No dobra, przyznaj się - ile razy obiecywałeś sobie, że zaczniesz biegać "od jutra", "od poniedziałku", "od nowego roku"? A potem "jutro" magicznie zamieniało się w "nigdy"? Spokojnie, nie jesteś sam! Wszyscy znamy te odwieczne wymówki: "nie mam czasu", "pogoda nie ta", "boli mnie mały palec u lewej nogi"...
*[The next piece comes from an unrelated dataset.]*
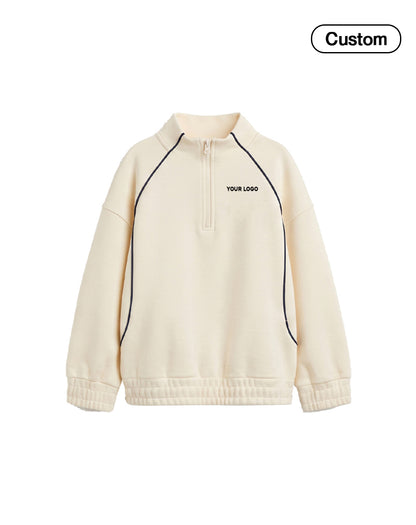 Custom Boys Sweatshirt - Quarter-Zip Cowl Neck - Personalized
Ale dobra wiadomość jest taka, że KAŻDY może zacząć biegać! Nawet Ty, mistrzu prokrastynacji i królu wymówek. Wystarczy... no dobra, trochę samozaparcia się przyda. Ale bez przesady! Oto mój rewolucyjny (i lekko prześmiewczy) poradnik, jak zacząć biegać, bez zbędnego bólu i cierpienia:
Krok 1: Kup super buty. To podstawa! Muszą być modne, kolorowe i najlepiej świecić w ciemności. W końcu jak Cię widzą, tak Cię piszą. A w takich butach od razu nabierzesz ochoty na bieganie (albo przynajmniej na pozowanie w nich na Instagramie).
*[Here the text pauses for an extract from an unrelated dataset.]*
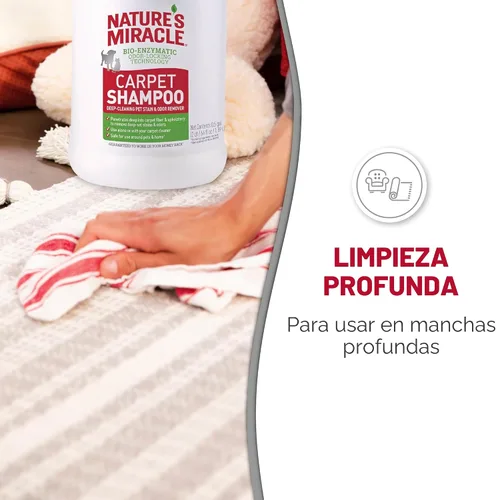 Vista 4 de Champú para alfombras Nature’s Miracle, quitamanchas y olores para mascotas de limpieza profunda, 64 onzas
Krok 2: Wybierz odpowiednią trasę. Najlepiej taką, gdzie jest dużo ławek i kawiarni. W razie kryzysu zawsze można zrobić sobie przerwę na kawę i ciastko. No bo kto powiedział, że bieganie musi być męczące?
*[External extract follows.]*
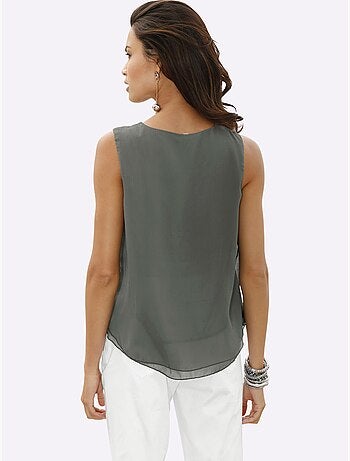 Top femme évasé sans manches avec encolure ronde plissée crêpe georgette - taille standard - witt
Krok 3: Zacznij od marszobiegów. A co! Nikt nie każe Ci od razu biec maratonu. Przebiegnij kawałek, przejdź kawałek, zrób selfie na tle zachodzącego słońca... Ważne, żeby się ruszać (i przy okazji złapać trochę lajków).
Krok 4: Znajdź kompana do biegania. Najlepiej takiego, który jest jeszcze bardziej leniwy od Ciebie. Wtedy zawsze będziesz mógł powiedzieć: "No widzisz, przynajmniej nie jestem najgorszy!".
Krok 5: Nagradzaj się! Za każdy przebiegnięty kilometr możesz zjeść kawałek pizzy, obejrzeć odcinek ulubionego serialu albo kupić sobie nową parę (świecących!) butów do biegania. W końcu zasłużyłeś!
Krok 6: Nie poddawaj się! A przynajmniej nie od razu. Jeśli po tygodniu stwierdzisz, że bieganie to jednak nie dla Ciebie, zawsze możesz wrócić do leżenia na kanapie. Ale kto wie, może akurat złapiesz bakcyla i zostaniesz maratończykiem? (No dobra, może nie maratończykiem, ale chociaż takim, co biega do lodówki po kolejną pizzę).
Pamiętaj! Ten poradnik jest pisany z przymrużeniem oka. Bieganie to świetny sposób na poprawę kondycji i zdrowia, ale najważniejsze to czerpać z niego przyjemność. Dlatego nie przejmuj się za bardzo zasadami i po prostu biegaj tak, jak lubisz!